# PROVIDED DATA
--- START ---

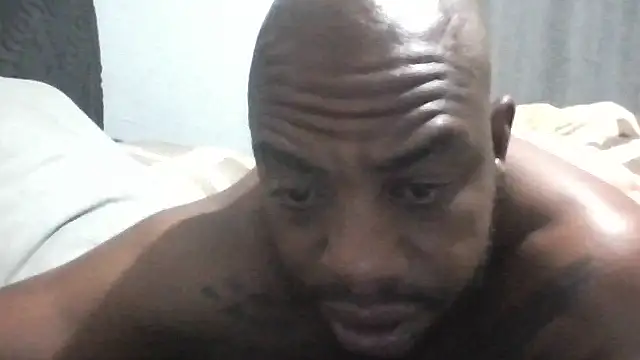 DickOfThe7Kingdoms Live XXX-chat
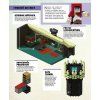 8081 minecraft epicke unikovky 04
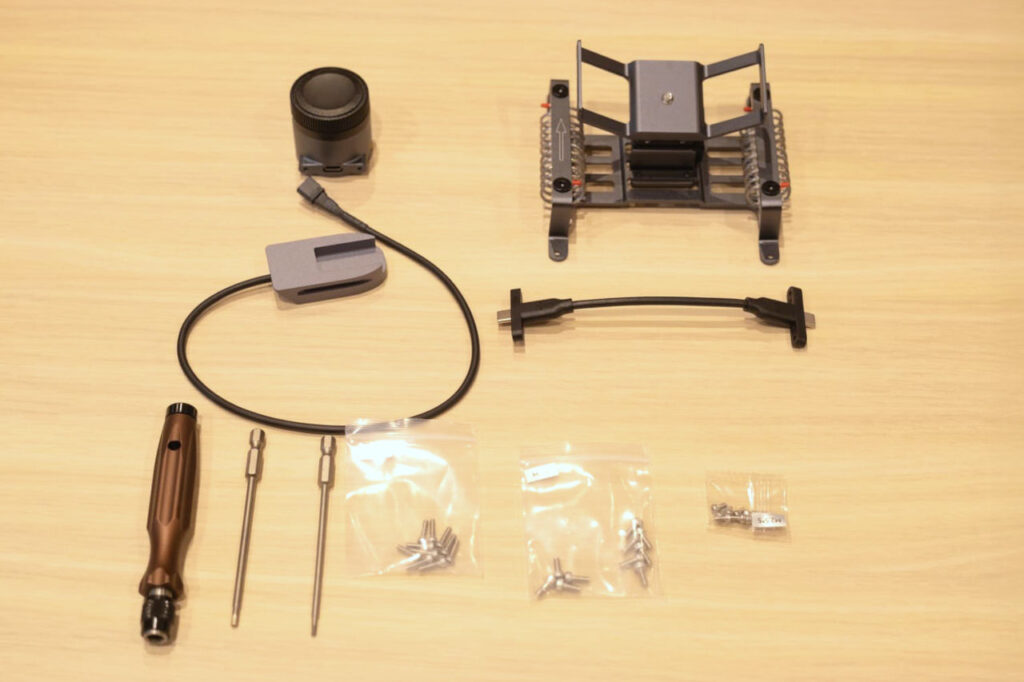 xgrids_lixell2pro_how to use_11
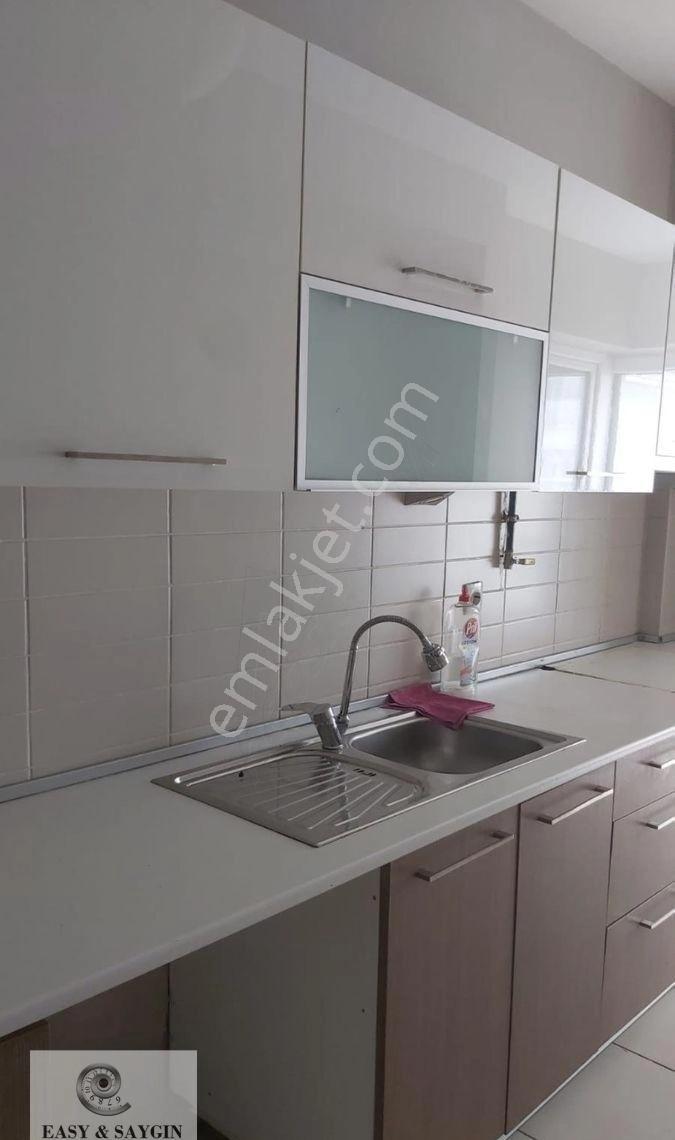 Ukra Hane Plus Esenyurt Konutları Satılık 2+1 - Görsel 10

--- END ---
--- START ---

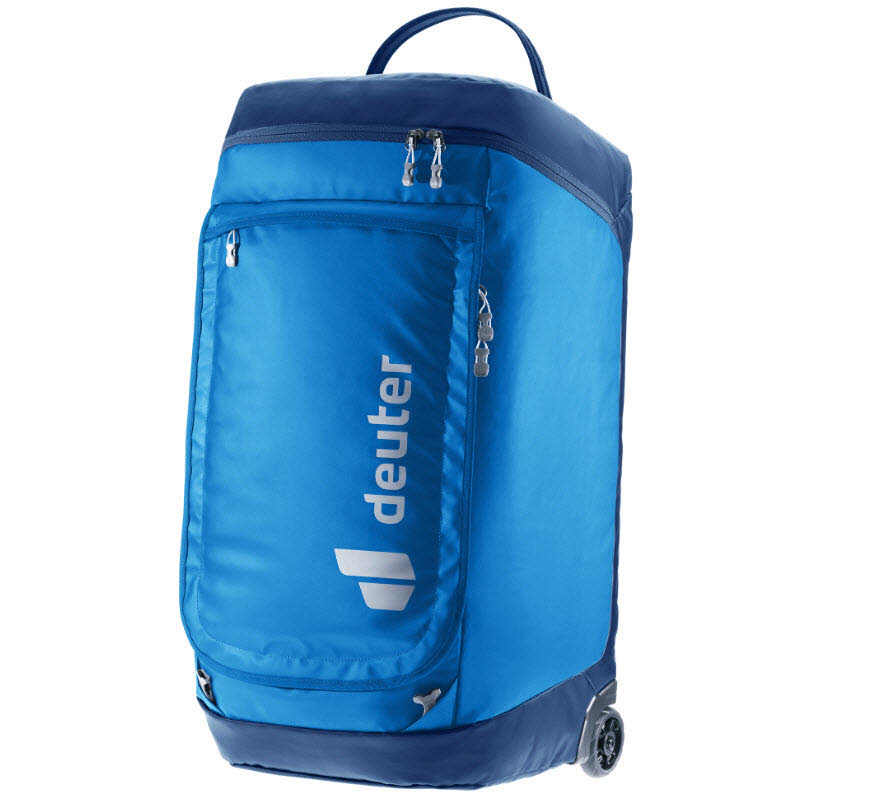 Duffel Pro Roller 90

--- END ---
--- START ---

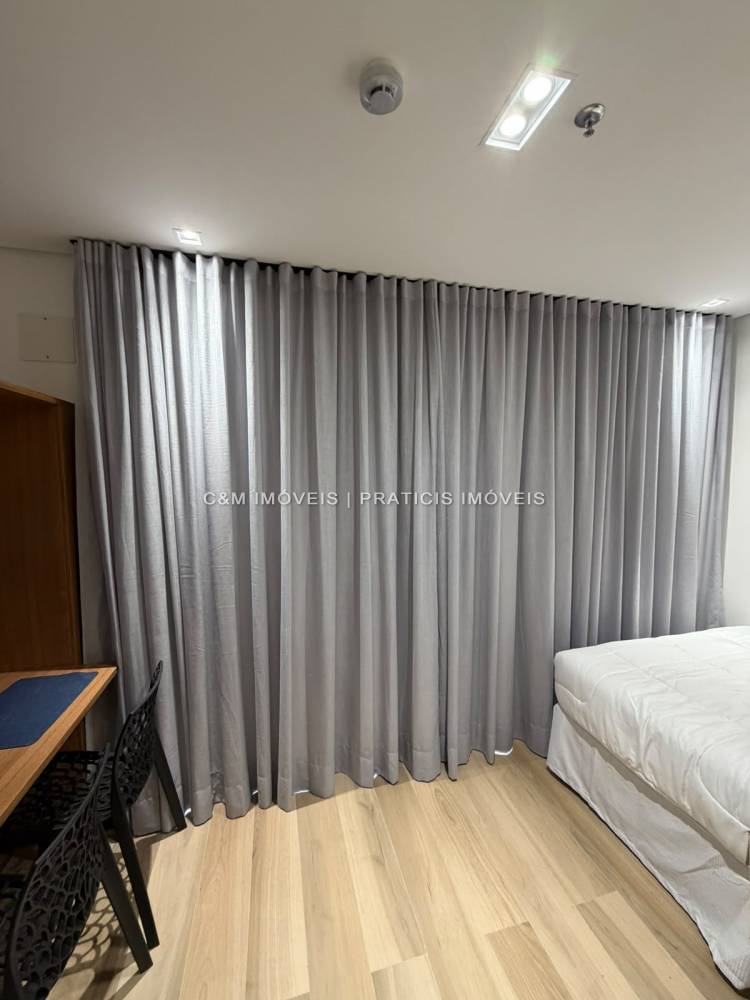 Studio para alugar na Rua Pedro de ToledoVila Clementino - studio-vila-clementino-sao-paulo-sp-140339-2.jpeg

--- END ---

# ABOUT THIS EXERCISE
Without the pictures, set down the lines above from the line with "DickOfThe7Kingdoms Live XXX-chat" up to and including the line with "Ukra Hane Plus" exactly as they stand.

# EXERCISE ANSWER
 DickOfThe7Kingdoms Live XXX-chat
 8081 minecraft epicke unikovky 04
 xgrids_lixell2pro_how to use_11
 Ukra Hane Plus Esenyurt Konutları Satılık 2+1 - Görsel 10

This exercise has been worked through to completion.